- Working data -

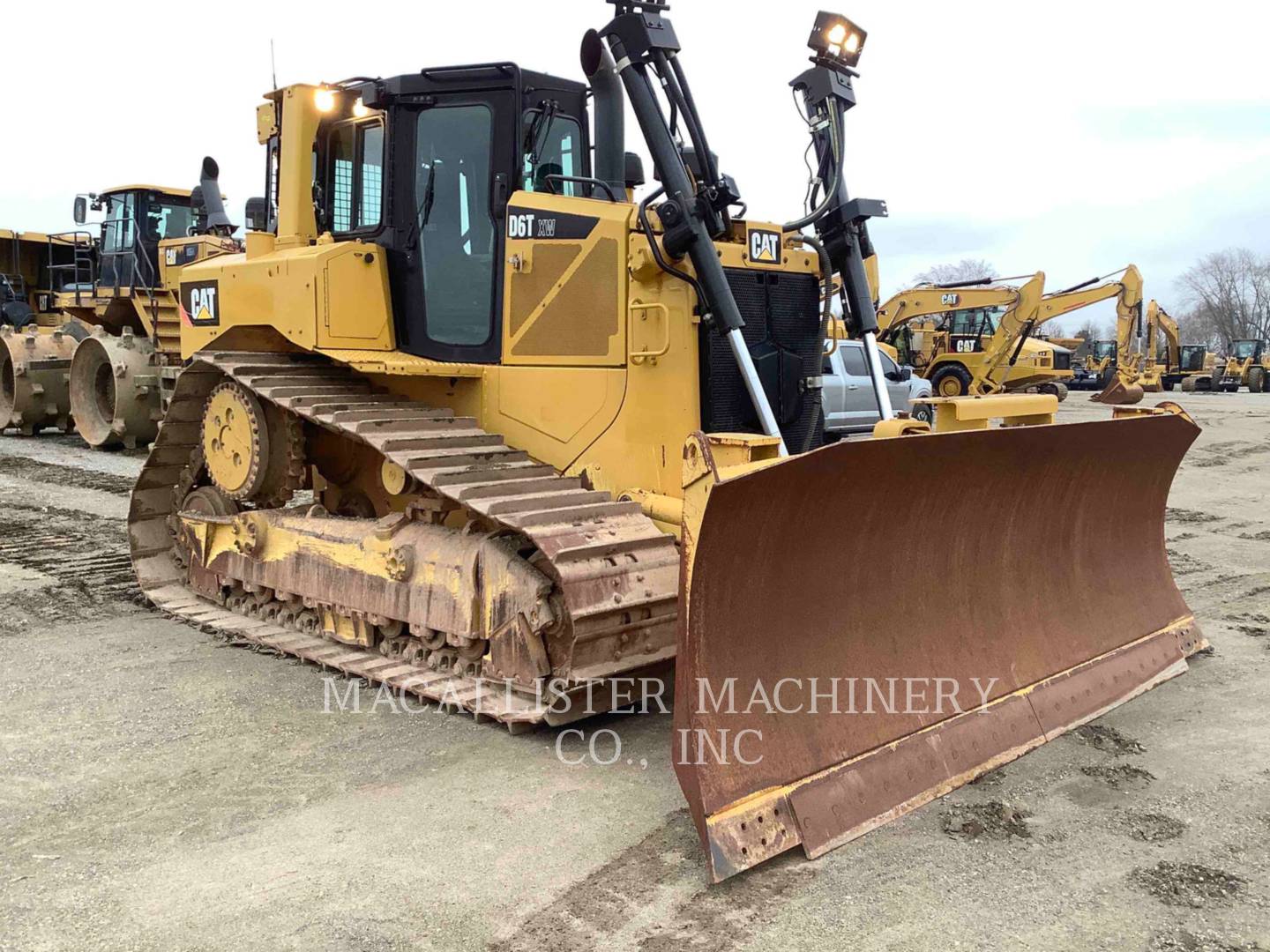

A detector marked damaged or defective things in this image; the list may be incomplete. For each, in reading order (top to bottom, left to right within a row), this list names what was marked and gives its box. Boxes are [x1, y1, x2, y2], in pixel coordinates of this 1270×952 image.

rusty dozer blade [1087, 370, 1143, 404]
rusty dozer blade [674, 409, 1199, 885]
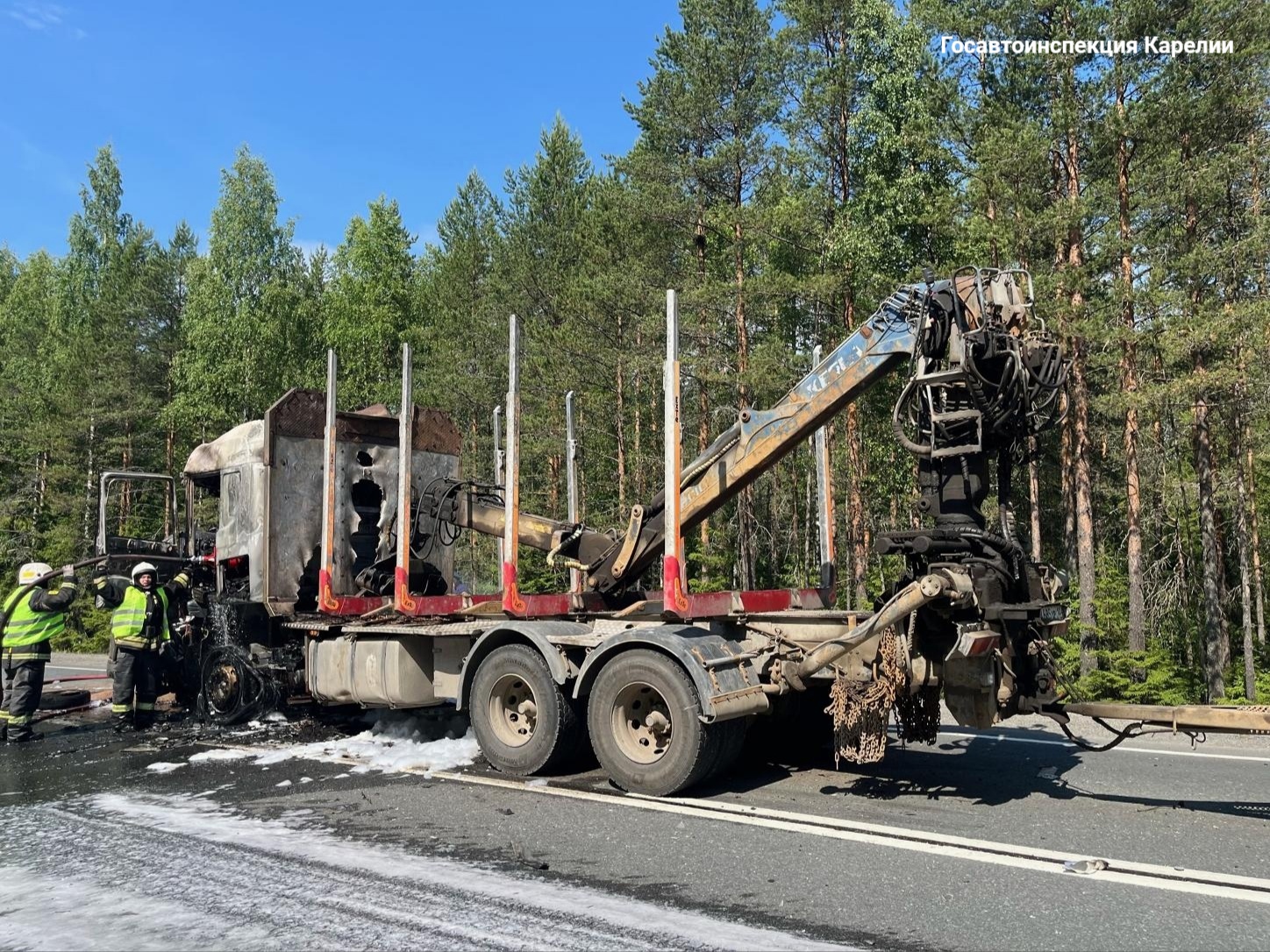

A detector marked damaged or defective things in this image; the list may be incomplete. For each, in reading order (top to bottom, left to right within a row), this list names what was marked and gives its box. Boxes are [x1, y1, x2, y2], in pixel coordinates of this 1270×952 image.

burned logging truck [96, 268, 1270, 797]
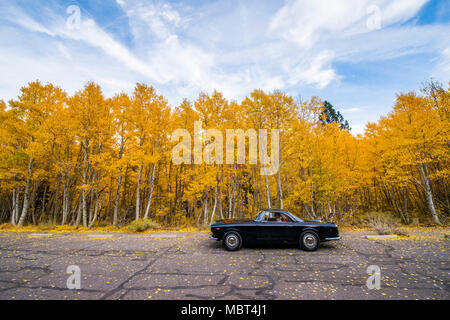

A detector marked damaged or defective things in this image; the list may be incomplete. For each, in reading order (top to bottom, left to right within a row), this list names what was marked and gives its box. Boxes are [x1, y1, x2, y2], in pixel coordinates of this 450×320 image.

cracked pavement [0, 231, 448, 298]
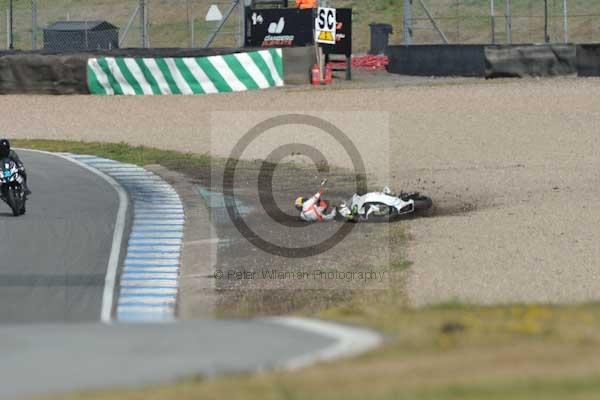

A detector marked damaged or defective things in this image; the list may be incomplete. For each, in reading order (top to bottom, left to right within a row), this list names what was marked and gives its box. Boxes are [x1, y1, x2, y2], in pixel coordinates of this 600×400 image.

crashed white motorcycle [338, 187, 432, 222]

- Exercise goal -
Would you set down exactly the lines from the line with "this 600×400 image." through the last one in the material?

- Written answer -
A detector marked damaged or defective things in this image; the list may be incomplete. For each, in reading order (top to bottom, left to right within a row), this list names what was marked and gives its box. Boxes are [x1, y1, x2, y2], in pixel coordinates of this 600×400 image.

crashed white motorcycle [338, 187, 432, 222]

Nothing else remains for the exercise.